The remainder of that day and for the next 36 hours, until I was forced to pack my bags, the wind ripped. On the small pack raft, I was unable to maintain position long enough to allow my fly to sink to the desired depth. I don’t want to make excuses. I’m sure the famed Phil Rowley could do it with his eyes closed, but I threw everything and the kitchen sink in the waters of Dolly Varden Lake and came away empty-handed.
The night before I had to depart, hoping the wind would die as the sun “set,” I fished from 10 p.m. until 2 a.m., combing the shores of the lake. As the screaming children and barking dogs of the campground settled in for the “night,” I ventured farther and farther from Hunt’s original sweet spot.
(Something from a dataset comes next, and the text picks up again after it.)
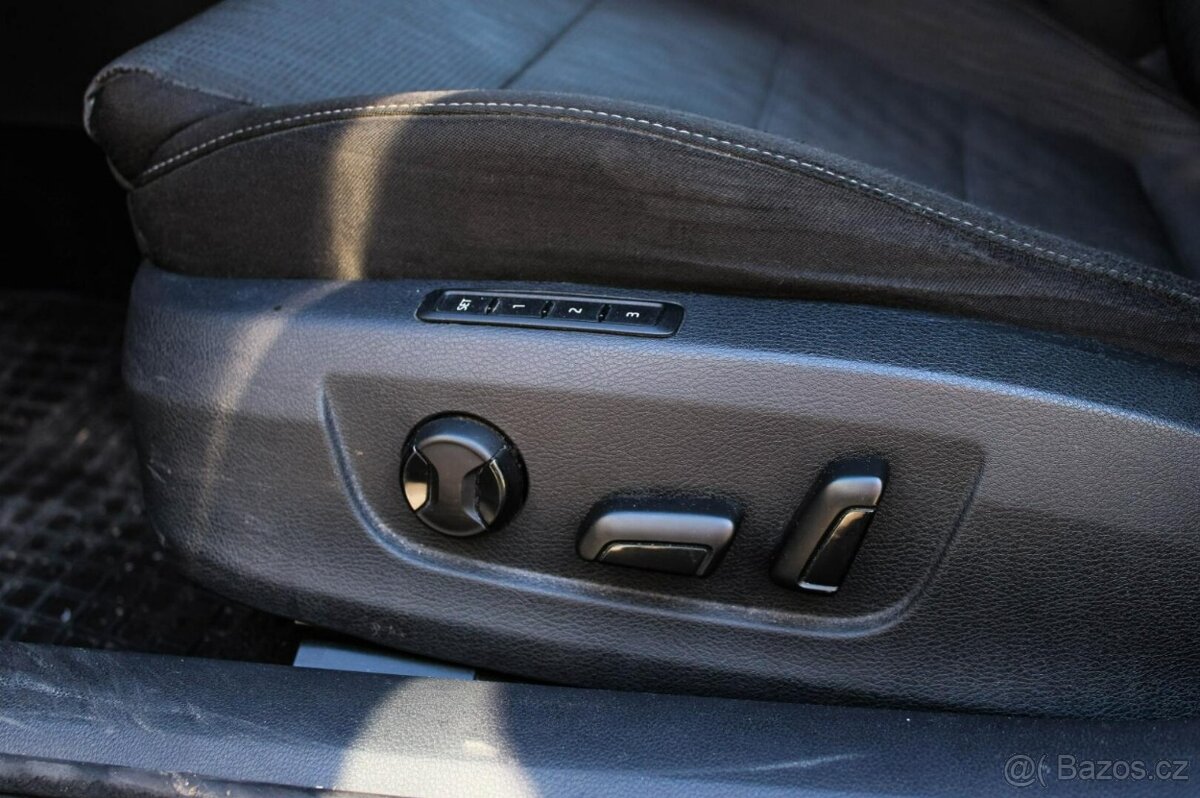 Škoda Superb 2.0 TDI Ambition DSG - 7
On the other side of the lake, directly across from the boat ramp, I could see I was in a shallower bay.
Exhausted, I did my best to put myself on the ledge of the drop off without putting myself into the path of the wind. I set up a sinking tip and tied on what felt like would be a lucky olive green wooly bugger.
Finally, a bite and it didn’t jump. I remember it didn’t feel particularly large but by that point, mentally and physically, I didn’t care.
I brought the fish beside the raft, careful to keep the rod tip high so as to not lose the fish on the barbless hook.
It turned out to be a 10- to 12 inch rainbow. I released it without touching it and slapped the water with my net.
I dejectedly paddled the raft nearly a mile back across the lake directly against the wind, knowing that my time to catch an Arctic char was over.
As I paddled, I sat long and hard with myself, spiraling in self-loathing with my decision to forgo more popular and consistent Arctic char fisheries. I could have gone north from Fairbanks where they fish for the larger northern form of Arctic char. Instead, I had chosen to pursue Arctic char in a place no one had ever heard of and where I often needed to explain their existence.
At the moment, my triceps cramping as I neared the boat launch, I was overwhelmed with my own hubris. Who did I think I was? Who was I to go and try to prove something? I had never even been to Alaska. Why did I think easily accessible experiences were too good for me.
It took me some time to really boil down why, but while traveling back to the airport, I realized I had chosen to pursue Arctic char on Swan and Swanson lakes because I didn’t want to go to what very well may be the “Last Frontier ” and check a box.
I loved that when I told people I was destined to wrap up my journey in Alaska on the Kenai Peninsula, people had to tell me their favorite salmon story or how a 35-inch Alaskan rainbow hit their spoon like a hammer. Not to say there isn’t value in those experiences, not taking anything away from it, but my assignment on this project was to showcase the habitats and the native trout species of the West. I had attempted to share a little known, scientifically unique population that lived in one of the most beautiful landscapes I had ever experienced.
Let’s call it what it is, I had failed in catching the fish I had set out to find, but I felt better knowing that in a land ripe with genuine opportunity for discovery, I chose not to do the same thing someone else had done.
I suppose, at the end of the day, there was something paradoxical about coming to Alaska and having everything be a sure thing. Either way, like Atcheson said, you can’t guarantee anything. That’s fishing. And that’s what has me looking forward to my next trip to Alaska.